Updated: Apr 7
"In the Nic of Time" is blog dedicated to all who wish to explore and awaken a side of them they might of ignored for some time. I became my journey right after a low point in my life lets call this 'depression'. You see I'm quite wary of using labels only for the simple idea many of us might believe these labels define us... but they do not. Now when it comes to spirituality I can only speak for myself, my opinion and my view on what it means to be a 'spiritual'. It all started when my family became aware of my depression, I was placed under academic probation for a year. A huge wave of blame lathered my whole body & soul. For those of you with ethnic parents you know this is a shock x 10000; mental health & being kicked out of university--ahh. The walls of my life closed in on me... at least this is what I thought. Now, I could sit here and share the story of my depression however when I think about all I've been through I can definitely say without a doubt the reflection of my thoughts at the time did not match to my spirit; that's what I'll share for now.

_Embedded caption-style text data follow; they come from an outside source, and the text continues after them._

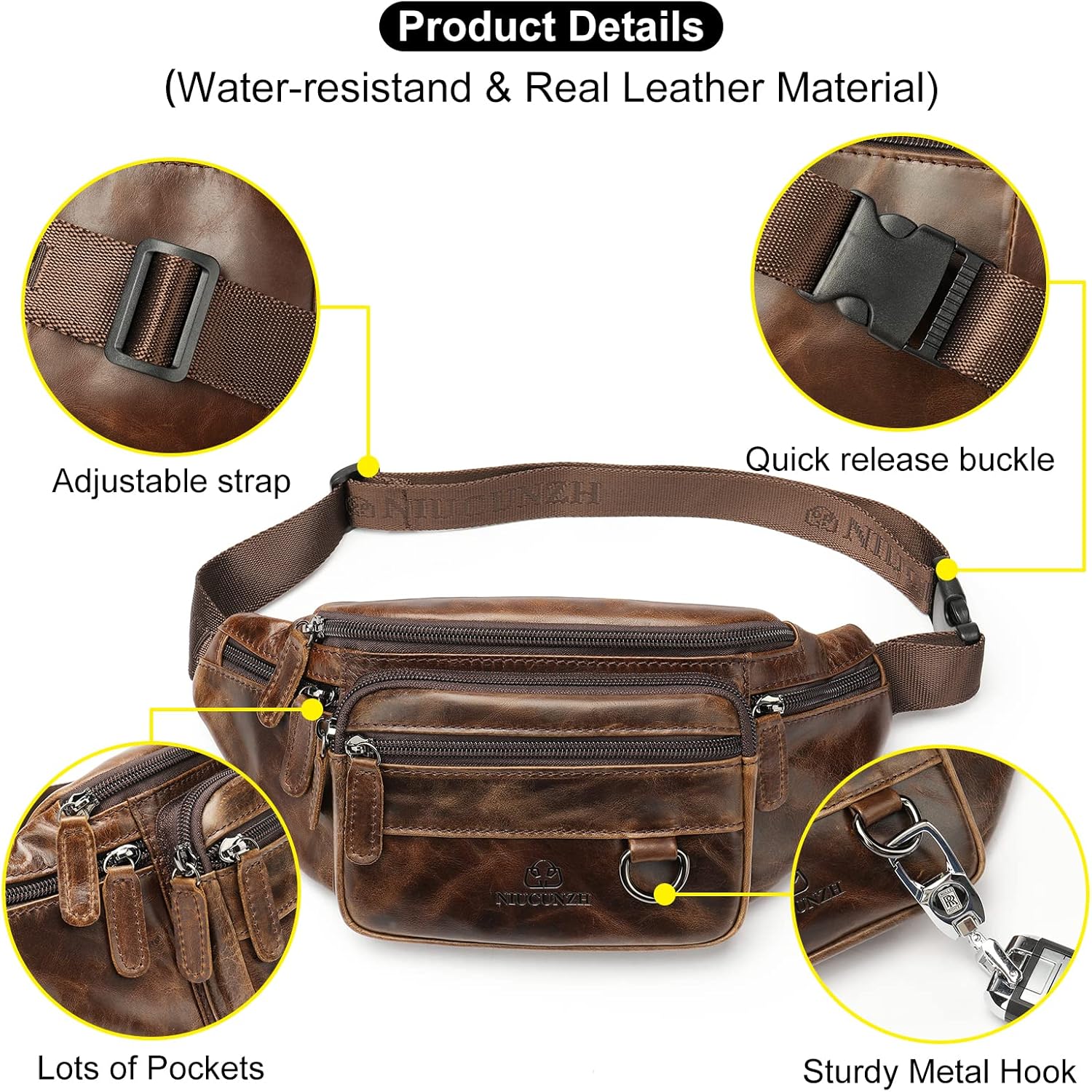 Genuine Leather Fanny Pack HandMade Durable cowhide Waist Bag Lots of Anti-theft zipper pocket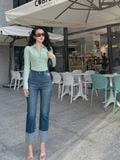 Quần Jean Straight Pink Heart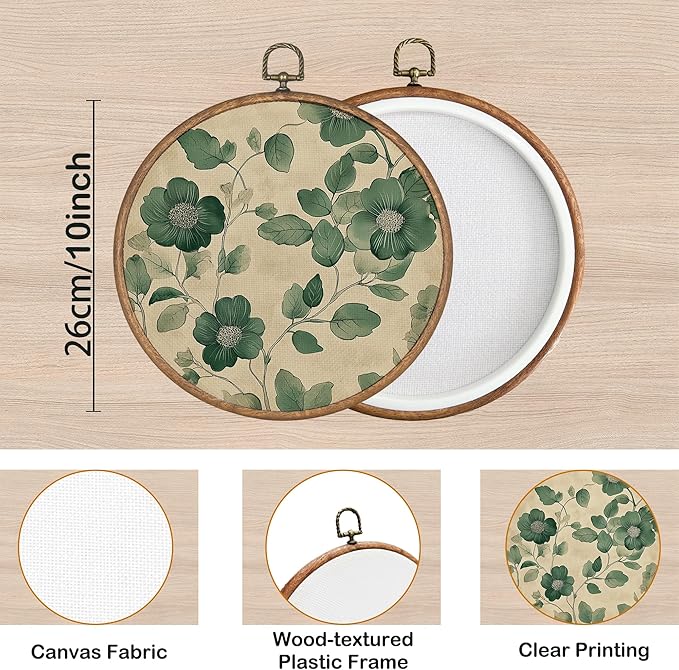 KSDUT Spring Green Floral Botanical Wall Decor Art - Flower Wall Art Canvas Frame Hanging Prints, Preppy Trendy Wildflower Round Wall Art Decor for Farmhouse Gallery Home Decorations 10"x10"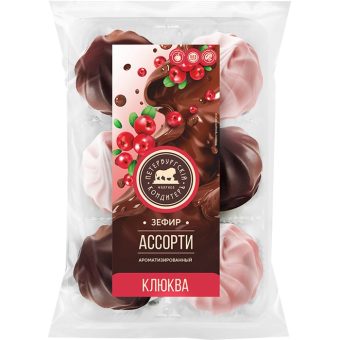 Зефир Ассорти клюква в глазури, 350 г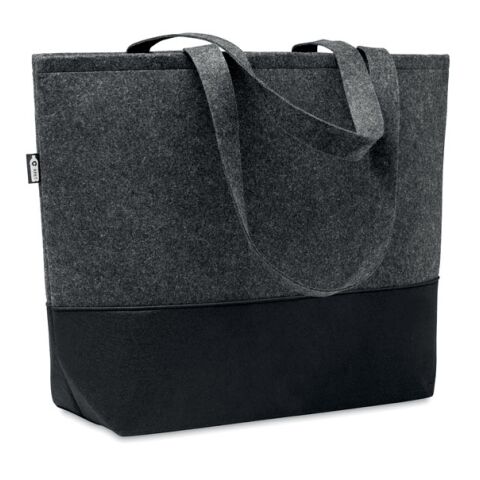 Einkaufstasche RPET-Filz mit farbig Boden dunkelgrau | ohne Werbeanbringung | Nicht verfügbar | Nicht verfügbar | Nicht verfügbar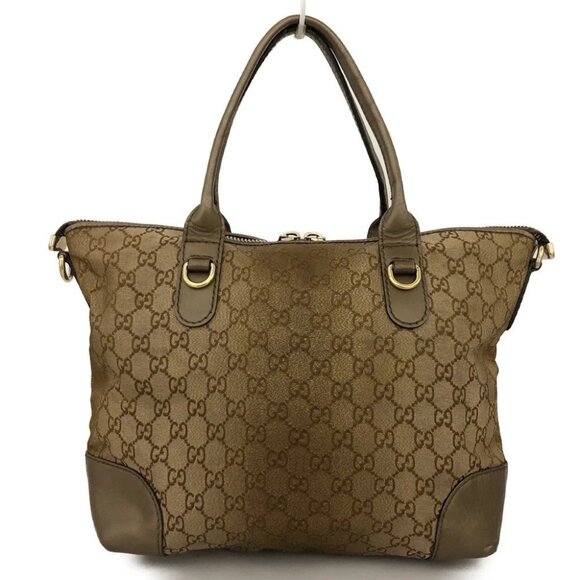 GUCCI GG Logo Canvas Leather Shoulder Tote Bag Brown/2BH2464 - Picture 5 of 12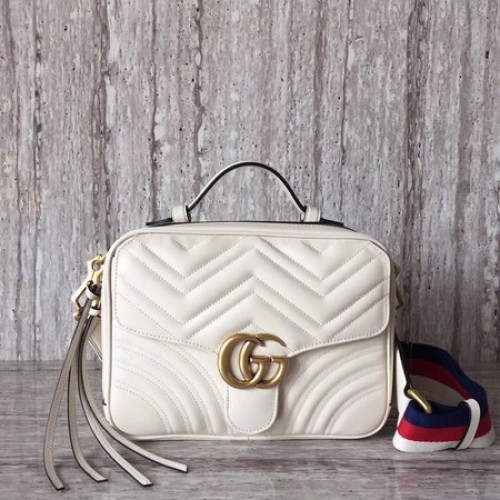 Gucci GG Marmont Mała Torebka na Ramię 498100 Biała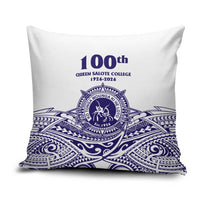 Tonga Queen Salote College 100th Years Pillow Cover White Tonga Kupesi Uniquely Pacific Art - Polynesian Pride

My sister played a huge role in bringing light into my world, introducing me to another way of thought. The old Nic was a skeptic...oh was I ever! I thought crystals, vibrations, intuition, mediation, chakras was all "bogus!" (as quoted by our teachers Bill & Ted). However at this point I gave it all a try, what did I have to lose right? I mean in that moment I thought I had lost it all and when I say all; I'm talking about myself( the I am). I underestimated the power of working out and a cleaner diet, I will say it over and over your physical health plays a huge part in your mental health. If you think about it our bodies are hosts for the most scared part of us; our souls. If we ignore to aid our bodies, we are ultimately ignoring our truest self. In my opinion it was for this reason I came to a low point in myself, I didn't lack spirituality realistically it had been inside of me this whole time. I needed to stop ignoring this part of me but most importantly be opened to things beyond my understanding; you see that is courage.
I continued on this new path; I welcomed crystals (no not type they sell at Swarovski) I'm talking about the raw crystals that were constantly overlooked for not being 'shiny' enough. They bought the energy I was lacking in times of confusion, pain, healing; basically they bring it all!
The 'Well-Being' section at Indigo became my second home and reading evolved into a form of meditation(um say what? I know I know). You see when people aka me thought about mediation automatically I pictured a silhouette, sitting on a pillow, crossed legged, breathing with their eyes closed. However if you look up the definition to meditation it is the 'action' of contemplation and reflection. Meditation can be expressed in many different ways, in my experience it is action with intention that promotes the practice of mindfulness. The moment I became grateful for my life, was the moment I truly began to live.